EPFL ADA Project by Alice Bizeul, Johan Cattin & Laure Font
In a society where individuals are constantly connected through their phone, radio, computer, TV, the door to the outside world has never been more wide open. People have constant instantaneous access to news about events taking place in their own town, as well as events thousands of miles away. This access to information is achieved through social networks like Twitter or Facebook, as well as through the media. As such, the media choose how the information will be relayed to the world. They can also select which events will be transmitted to the readers and watchers, whether they are real or not, giving them the power to influence the vision people get of their environment. Take the example of the 2016 presidential campaign, where fake news that Clinton approved weapons sales to Islamic jihadists shifted the preference of voters toward Trump rather than Clinton.
In our project, we intended to evaluate the way media influence our perception of the world. We used the GDELT 2.0 database, which monitors the news media around the globe in more than 100 languages from a growing number of broadcast, print, online sources. Every 15 minutes, it records all mentions of events from more than 99'000 news sources, as well as the characteristics of the events, such as the type of event, the country and time it took place and the Goldstein score, which is the an index estimating the impact an event has on a country's stability. For each mention, the database records various parameters including the time the mention entered the database, the type of source (web, broadcast….) and the source of the document. The mentions we have access to were recorded between February 18th 2015 and September 9th 2017. The result of this continuous recording is a tremendous amount of data.

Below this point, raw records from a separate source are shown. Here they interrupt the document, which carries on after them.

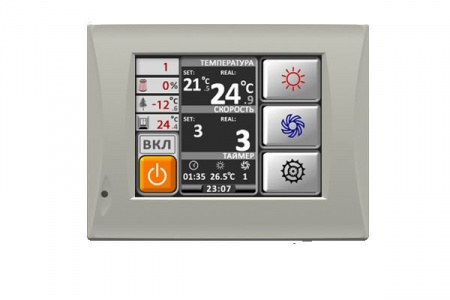 Компактные приточно-вытяжные установки ZPVP 1000 PE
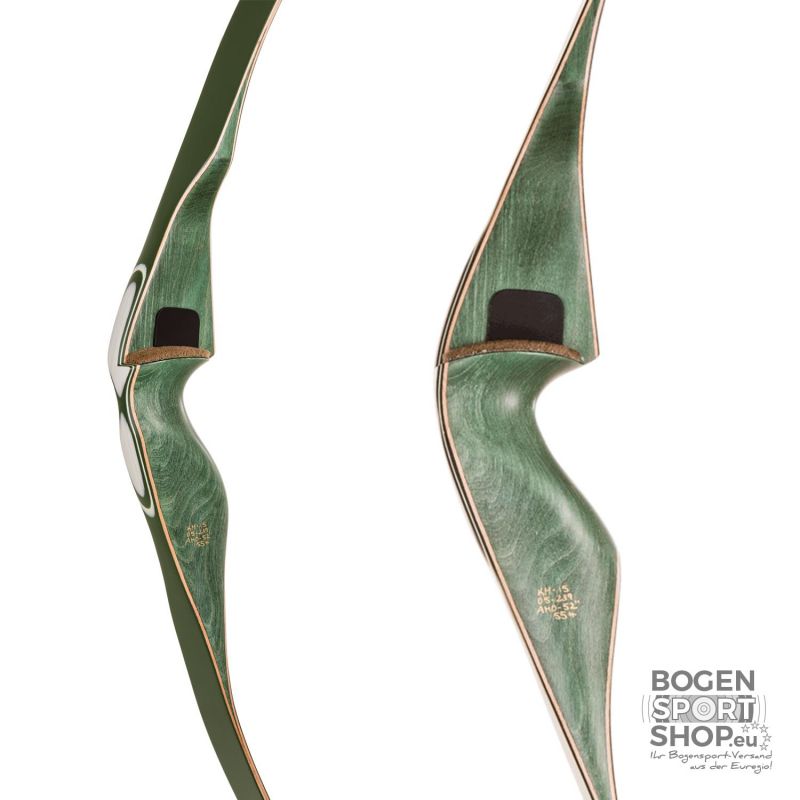 Bear Archery Einteiliger Recurvebogen Kodiak Magnum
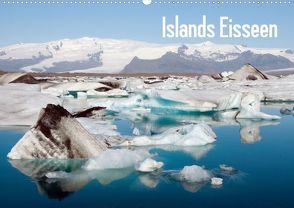 Islands Eisseen (Posterbuch DIN A2 quer) von Scholz,  Frauke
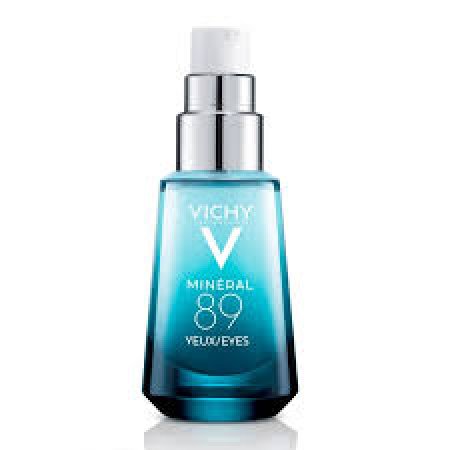 VICHY Mineral 89 EYES-HYALURON-BOOSTER OČNÍ 15 ml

We first explored the dataset, to see what we would have to deal with. Because mentions can refer to events which happened minutes ago as well as to events which happened months ago, some events referred to in the mentions took place before the beginning of the recording. Their first mentions were thus not recorded in the database. Likewise, the events taking place at the end of the recording had less chance to be mentioned. In order to give each event the same weight in terms of related mentions, only the events taking place after February 18th 2015 and before July 9th 2017 were retained.
We found out that most of the sources were web sources and that offline sources were only slightly represented. The prevalence of web sources was expected as they a easily accessible and they have been flourising during the past decades To support this supremacy of web sources, the first ranked source was the web portal yahoo.com with more than 18 millions mentions, whereas the second source only had 1.8 millions. This is coherent with the fact that yahoo was rated the most widely read news and media website in 2016 by the web traffic analysis company Alexa. On top of that, after a manual check due to the absence of geographic localisation of news reports, we found that although most sources had their headquarters in the United States. This there were still sources from other countries as the UK, Australia, India .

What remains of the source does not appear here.